*** DATA EXCERPT ***

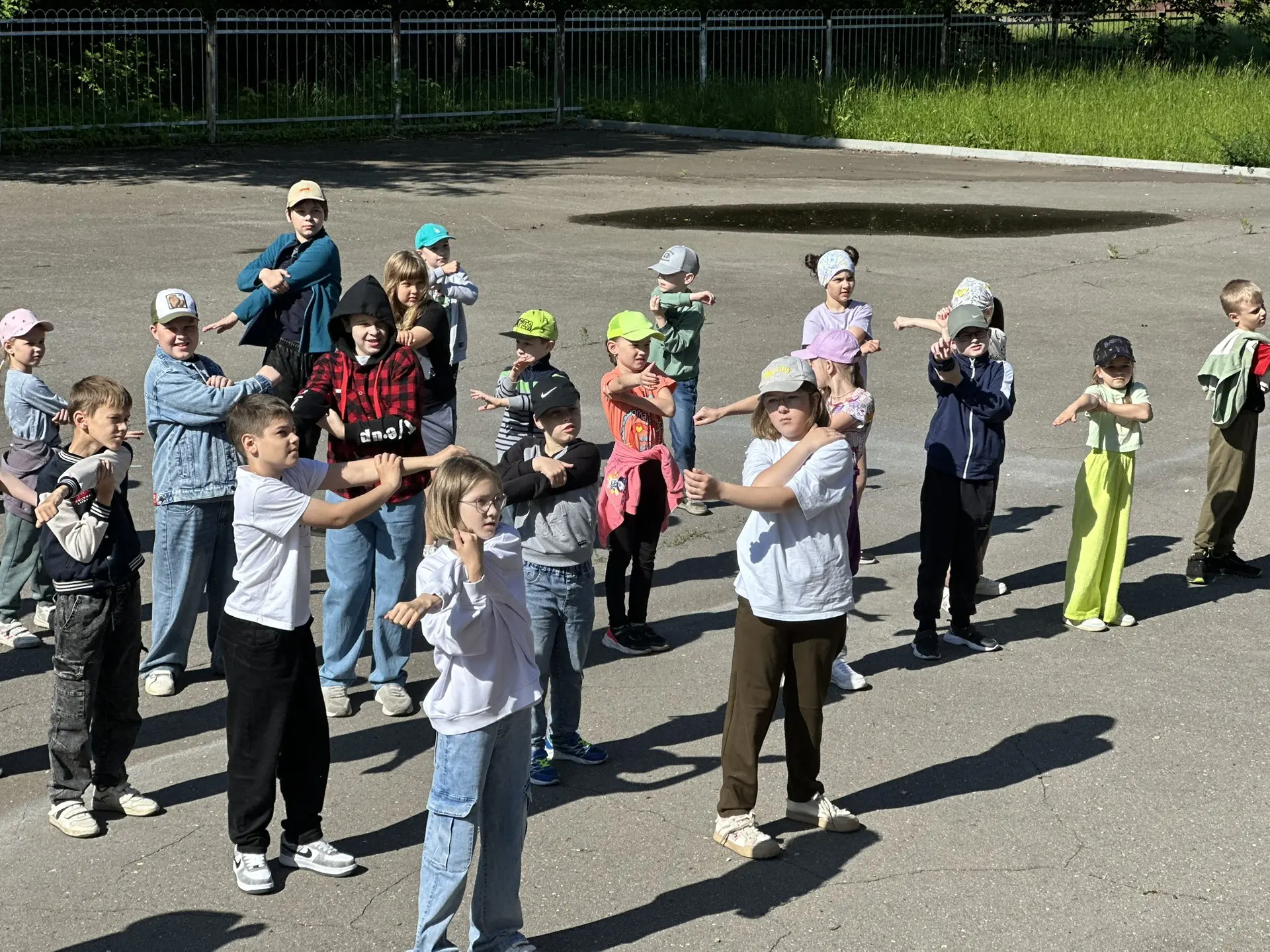 ☀️Делимся яркими моментами из нашего лагеря !

Утро началось традиционно — с яркой зарядки и линейки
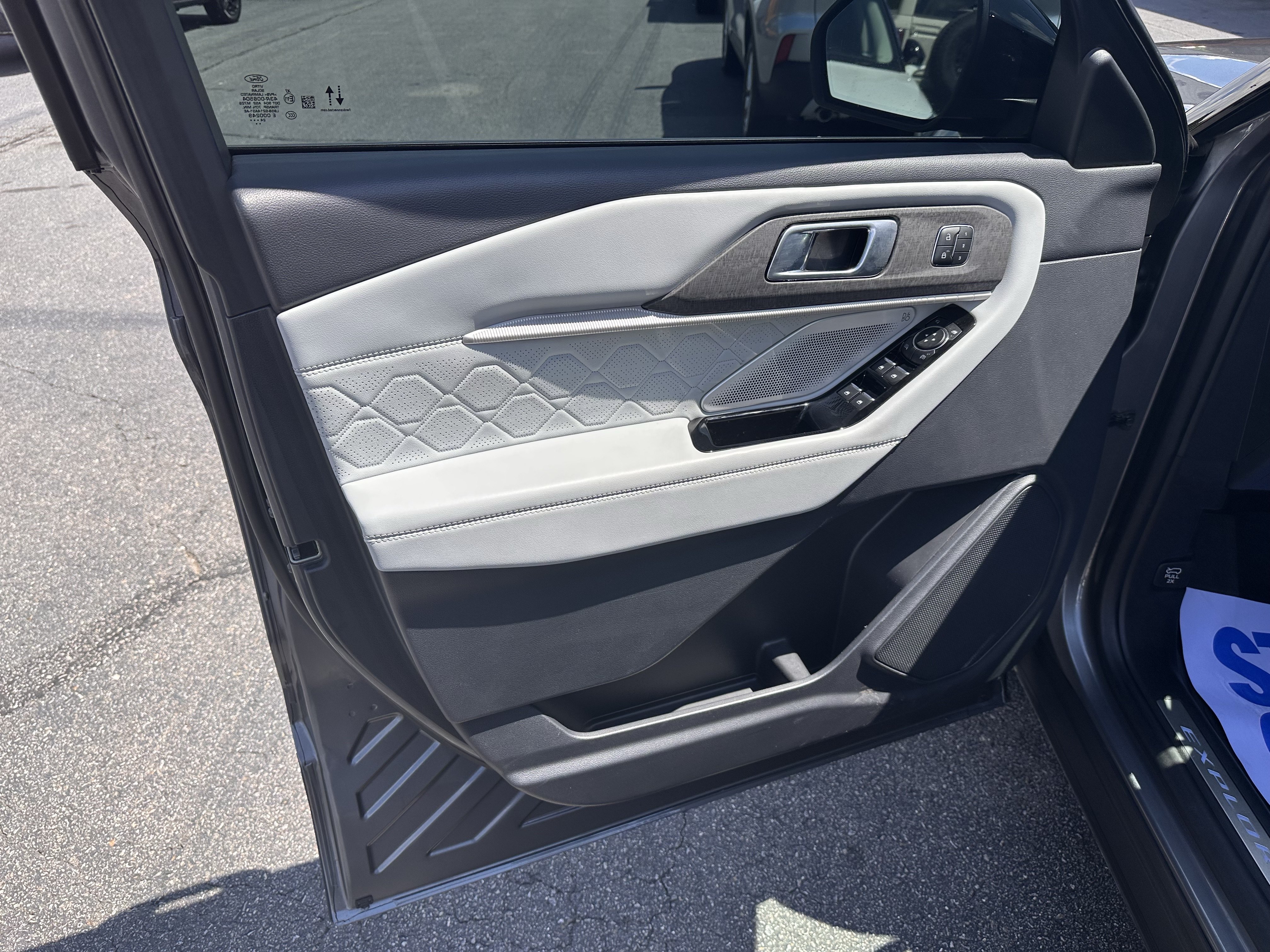 Certified 2025 Ford Explorer Platinum w/ Ultimate Package AWD/4WD image 9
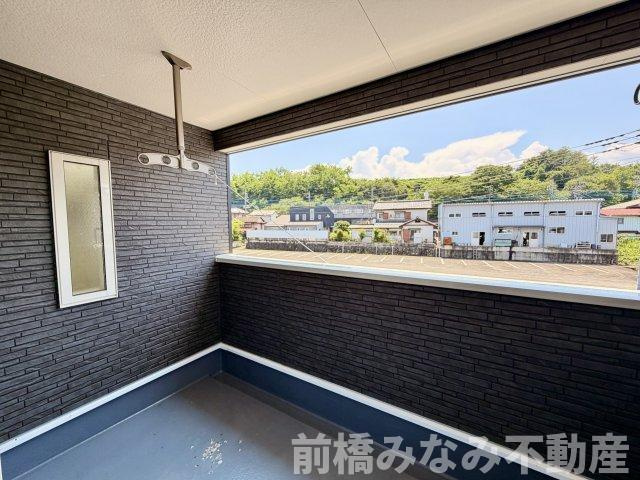 【新築】高崎市吉井町下長根第３　３号棟(全４棟)　クレイドルガーデン　新築建売分譲のバルコニー|広々としたバルコニーです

*** End of DATA EXCERPT ***

Leave every picture out. Retype the remaining data exactly.

 ☀️Делимся яркими моментами из нашего лагеря !

Утро началось традиционно — с яркой зарядки и линейки
 Certified 2025 Ford Explorer Platinum w/ Ultimate Package AWD/4WD image 9
 【新築】高崎市吉井町下長根第３　３号棟(全４棟)　クレイドルガーデン　新築建売分譲のバルコニー|広々としたバルコニーです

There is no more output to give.